"O Lord, my heart is not lifted up; my eyes are not raised too high; I do not occupy myself with things too great and too marvelous for me. But I have calmed and quieted my soul, like a weaned child with its mother; like a weaned child is my soul within me." Psalm 131:1-2
I'm about marry, and it simultaneously excites and scares me.
I found myself keeping things in my own chest. As some of you may know (or follow the account), I tend to find my way through arranged words and sentences. Yet this particular phase of life keeps me busy. Doubt, excitement, love, care, ignorance, and all that mixtures of ever-evolving feelings of stepping into a new phase of life is just getting real (or surreal) and words just couldn't contain any of it.
I think a lot about all things. If you saw me a few times you would know my wrinkled forehead is always telling. The pursuit of my life has always been of precision and excellency. But coming into this new phase, which is marriage, I rethink about my life's foundation. I will always remember the 'thump' in my chest when I saw this guy that I respect a lot, speaking flowery words about his wife and how his family shaped him as a person. I remember thinking back then, "I want to be like that man."
The epiphany never came close to reality till now. I fear that I will fail as a husband, moreover as a father. I never think that I'm equipped or have the capacity to be one. Francis Chan strikes my situation in one of his most famous quotes: “Our greatest fear should not be of failure but of succeeding at things in life that don't really matter.”
Reading financial wisdom books, parenting, relationship, family life, home appliances review, and other things to get through the days. It's like.. I'm becoming someone I never knew before.
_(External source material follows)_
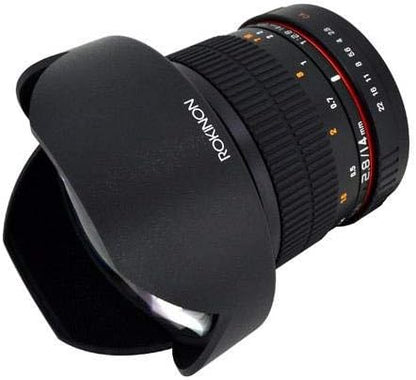 Rokinon FE14M-C 14mm f/2.8 Ultra Wide Lens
There's this gloomy corner in my heart whenever I talk about family, so pardon the tone. I tried to put into words what I've been through, how the past few months changed my approach to life, and how I try my best to prepare for my upcoming role as a husband.
Accept things as they are—with no agenda
I realized I have a tendency to fix, to find errors, to spot crooked lines. It's dragging me down. Not all the problems in the world is for me to carry. The ideal world is not here and now. Life is what happens when you are looking the other way. I just don't want to look for the extraordinary but miss His providence in the ordinary.
Praying is hard
It takes a lot of mental energy to pray for something, continuously, for years. I failed to take this endeavor as a process, but rather praying for results. The result never showed up, till today. To my shameful admission, I stop praying for certain things. I don't know how people keep their faith to "see" the end they wished for, but for now, I console myself that not all prayers are answered. Not trying to sound unfaithful or bitter, but I think it is up to Him to answer or not, or how and when to answer.
Don't expect too much from ourselves
I realized the development of precious things in life never happens in the same place or same time frame. To slow things down and accept the limitations that I have, as I don't always know what's best for me. Close to my heart is Alistair Begg's devotion a few months ago: “In the Christian life, contentment is often gained through an experience of confusion and discomfort, as we learn to say, “My Father is in charge here and is working for my good as His child. I do not need to understand, for I can trust Him. I have Him, and He is enough for me. My soul is calm, even in this storm.”
This humble reflection is dedicated to my soon-to-be wife, Claudia Stephani Dris.